Sunday 8 October 2017

Review What Once Was Ours


What Once Was Ours
Writer/Dramaturg Chris Elwell

Peace In Our Time?
https://www.halfmoon.org.uk/

The world has become a slippery place for many across the generations.

However young people who have grown up in the 21st century UK and elsewhere have never known anything else.

Globalization seems to have crumbled into a mass of contradictory lobbies, authorities and commercial enterprises seeking to influence hearts and minds. Inevitably, in all this Brexit, Britain's exit from the European Union, looms large.

But in the midst of all this, Callum (Jaz Hutchins) has come searching for a part of himself left behind when his Mum split from his Dad.

He knocks on the door when Katie (Pippa Beckwith), his younger half sister, is home alone, their Dad and his current partner away.

At first she is reluctant, submerged in her own thoughts, although polite enough to come out of herself and  invite him in for a cup of tea.

We, the audience, sit in the black box space of the children's theatre, The Half Moon, right in the middle of the action on blocks as spongy and porous as the uncertain world in which we now all live.

Verity Quinn's ingenious, playful design is as much a character as mixed race Callum and white Katie.  Kettles and tea emerge from an uncapped pillar and the actors move round and gently shift audience members as the two require the blocks and minimal props for action.

It's unusual to see, hear and feel a play where the design is so integral to the experience and part of the Brexit feel without mentioning the B word itself.

Swirling past our ears is a soundscape, designed by Guy Connelly, with young voices taken from Remain and Leave towns in Britain  but also dwelling on jobs, community, isolation, a generation dislocated by technology and the certainties of previous times.

Writer and dramaturge Chris Elwell,  who alongside director Toby Eaden has worked with a quartet of researchers, keeps it archetypal but puts in tiny pinpricks of literature involved in other communal shifts.

Nobody needs to know any literary history. They can just absorb delicate but powerful images contributing to an atmosphere everyone can recognize.

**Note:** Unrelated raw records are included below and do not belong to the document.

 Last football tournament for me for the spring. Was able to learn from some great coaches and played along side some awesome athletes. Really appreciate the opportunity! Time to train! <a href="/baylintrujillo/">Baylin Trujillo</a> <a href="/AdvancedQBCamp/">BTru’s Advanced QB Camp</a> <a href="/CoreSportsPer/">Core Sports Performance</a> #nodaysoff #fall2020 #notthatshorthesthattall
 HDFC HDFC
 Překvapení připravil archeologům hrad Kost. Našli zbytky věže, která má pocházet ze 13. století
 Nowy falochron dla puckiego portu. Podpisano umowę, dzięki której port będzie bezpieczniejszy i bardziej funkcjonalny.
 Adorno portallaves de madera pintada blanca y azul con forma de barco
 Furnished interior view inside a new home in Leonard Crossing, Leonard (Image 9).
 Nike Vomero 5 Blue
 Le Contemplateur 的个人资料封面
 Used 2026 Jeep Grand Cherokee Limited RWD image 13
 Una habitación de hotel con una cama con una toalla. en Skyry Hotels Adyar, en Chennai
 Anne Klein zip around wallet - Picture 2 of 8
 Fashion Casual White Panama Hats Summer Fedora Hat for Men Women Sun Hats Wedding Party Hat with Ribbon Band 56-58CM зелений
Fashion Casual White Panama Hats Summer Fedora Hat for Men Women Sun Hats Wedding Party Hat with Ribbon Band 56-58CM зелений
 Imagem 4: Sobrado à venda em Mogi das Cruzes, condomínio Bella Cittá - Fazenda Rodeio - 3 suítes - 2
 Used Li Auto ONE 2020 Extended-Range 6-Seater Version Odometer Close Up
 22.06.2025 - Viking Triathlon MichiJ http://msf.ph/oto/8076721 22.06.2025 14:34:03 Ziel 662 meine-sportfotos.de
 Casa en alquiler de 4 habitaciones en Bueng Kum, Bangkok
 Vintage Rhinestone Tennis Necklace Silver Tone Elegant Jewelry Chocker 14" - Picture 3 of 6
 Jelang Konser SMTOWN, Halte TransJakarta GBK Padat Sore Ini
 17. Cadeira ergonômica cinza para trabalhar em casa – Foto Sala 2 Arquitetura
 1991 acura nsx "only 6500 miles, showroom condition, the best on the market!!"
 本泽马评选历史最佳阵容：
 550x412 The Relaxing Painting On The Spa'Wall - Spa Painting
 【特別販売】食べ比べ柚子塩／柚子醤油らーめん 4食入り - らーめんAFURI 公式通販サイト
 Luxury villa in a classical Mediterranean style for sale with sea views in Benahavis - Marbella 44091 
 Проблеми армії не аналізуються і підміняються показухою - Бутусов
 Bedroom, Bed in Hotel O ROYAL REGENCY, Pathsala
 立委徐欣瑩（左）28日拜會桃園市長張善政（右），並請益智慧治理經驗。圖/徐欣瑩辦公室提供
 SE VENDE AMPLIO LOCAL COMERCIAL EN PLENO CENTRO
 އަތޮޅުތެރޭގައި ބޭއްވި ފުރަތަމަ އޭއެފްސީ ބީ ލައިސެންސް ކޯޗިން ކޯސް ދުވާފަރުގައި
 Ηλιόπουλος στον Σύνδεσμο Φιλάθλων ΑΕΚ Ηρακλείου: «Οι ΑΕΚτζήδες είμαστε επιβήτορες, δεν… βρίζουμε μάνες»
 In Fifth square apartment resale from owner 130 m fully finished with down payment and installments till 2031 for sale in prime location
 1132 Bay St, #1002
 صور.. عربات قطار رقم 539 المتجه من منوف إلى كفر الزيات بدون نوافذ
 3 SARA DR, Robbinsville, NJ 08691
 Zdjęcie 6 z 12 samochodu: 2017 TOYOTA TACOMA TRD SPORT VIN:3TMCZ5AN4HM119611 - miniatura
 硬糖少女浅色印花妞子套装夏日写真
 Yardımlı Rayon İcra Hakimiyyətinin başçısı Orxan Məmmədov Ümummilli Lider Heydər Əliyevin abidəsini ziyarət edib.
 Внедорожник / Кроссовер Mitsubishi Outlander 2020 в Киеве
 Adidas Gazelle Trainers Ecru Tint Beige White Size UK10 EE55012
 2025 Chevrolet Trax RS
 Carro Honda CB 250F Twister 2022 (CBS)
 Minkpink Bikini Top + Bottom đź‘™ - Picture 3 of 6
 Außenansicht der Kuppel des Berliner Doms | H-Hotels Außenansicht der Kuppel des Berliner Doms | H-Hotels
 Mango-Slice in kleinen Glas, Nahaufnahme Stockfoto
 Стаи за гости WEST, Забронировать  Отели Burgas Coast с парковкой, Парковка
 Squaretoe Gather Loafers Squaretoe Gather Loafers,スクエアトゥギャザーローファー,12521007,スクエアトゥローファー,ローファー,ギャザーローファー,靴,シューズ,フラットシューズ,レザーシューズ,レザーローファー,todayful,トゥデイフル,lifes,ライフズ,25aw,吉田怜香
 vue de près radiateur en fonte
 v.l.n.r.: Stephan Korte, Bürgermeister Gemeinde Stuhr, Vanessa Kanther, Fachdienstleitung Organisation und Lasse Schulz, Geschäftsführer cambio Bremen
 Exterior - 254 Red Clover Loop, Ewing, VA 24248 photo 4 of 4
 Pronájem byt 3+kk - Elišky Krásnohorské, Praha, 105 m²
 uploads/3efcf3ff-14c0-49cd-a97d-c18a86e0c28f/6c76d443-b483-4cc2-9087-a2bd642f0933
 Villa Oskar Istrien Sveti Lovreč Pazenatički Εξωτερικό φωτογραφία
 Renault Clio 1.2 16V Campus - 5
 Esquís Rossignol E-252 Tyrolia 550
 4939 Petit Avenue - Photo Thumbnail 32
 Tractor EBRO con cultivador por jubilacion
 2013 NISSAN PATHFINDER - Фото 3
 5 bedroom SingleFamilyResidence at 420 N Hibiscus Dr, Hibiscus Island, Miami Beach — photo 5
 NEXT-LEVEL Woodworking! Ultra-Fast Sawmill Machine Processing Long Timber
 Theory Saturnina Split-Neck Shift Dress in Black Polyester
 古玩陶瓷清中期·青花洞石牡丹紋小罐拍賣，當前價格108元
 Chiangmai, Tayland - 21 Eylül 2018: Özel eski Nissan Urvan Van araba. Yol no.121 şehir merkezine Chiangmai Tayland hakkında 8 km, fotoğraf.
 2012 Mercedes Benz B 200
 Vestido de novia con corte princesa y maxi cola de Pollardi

But surely there is just the tiniest gesture towards Thornton Wilder's Our Town? Callum, two years older than Katie and still brought up on the printed word, also spills the lively children's DC Thompson comics he's always kept, The Dandy and The Beano, on the floor,

These were  first published when a mobile phone would have meant a rotary dial telephone on a table with wheels!😉, but they reminded TLT too of Adrian Mitchell's Nostalgia - Now Three Pence Off, a poem about a 20th century generation gap.

At another point Callum takes the lead and the blocks are transformed into an island or a boat without moorings  where brother and sister seem to be sharing an adventure as in one of those now old fashioned children's books so popular before social media tightened its girdle round the world.  

Toby Ealden keeps what seems to be a light touch. The actors know where they have to be for each of the play's movements, even if how they get there changes from performance to performance dependent on the audience.

It's easy to take the fluent work of movement director Amy O'Sullivan for granted in this fluid piece lasting barely an hour. The story may be bordering on the stuff of soap opera but that also means it doesn't shy away from issues. It's fast-moving but also a peaceful framework for divisive issues distilled in mixed up Katie and watchful Callum.

The graceful staging and thoughtful script  make it a soulful, delicate and, yes, communal experience for the audience, whatever their opinions. It's jolly, wistful, stimulating and calming all at the same time and certainly deserves a bright TLT green light.

This is a touring production which continues at the Half Moon Theatre until Wednesday, October 11 before moving to Oxford, Bournemouth, Hartlepool, Sunderland, Banbury, Newcastle Upon Tyne, Woolwich, Finchley and Stratford in London, Farnham in Surrey, Bedford, Sale, Burnley, Barnsley, Louth, Norwich, Grantham, Stamford, Spalding, Lincoln, Doncaster, Bath, Burton, Canterbury and Didcot.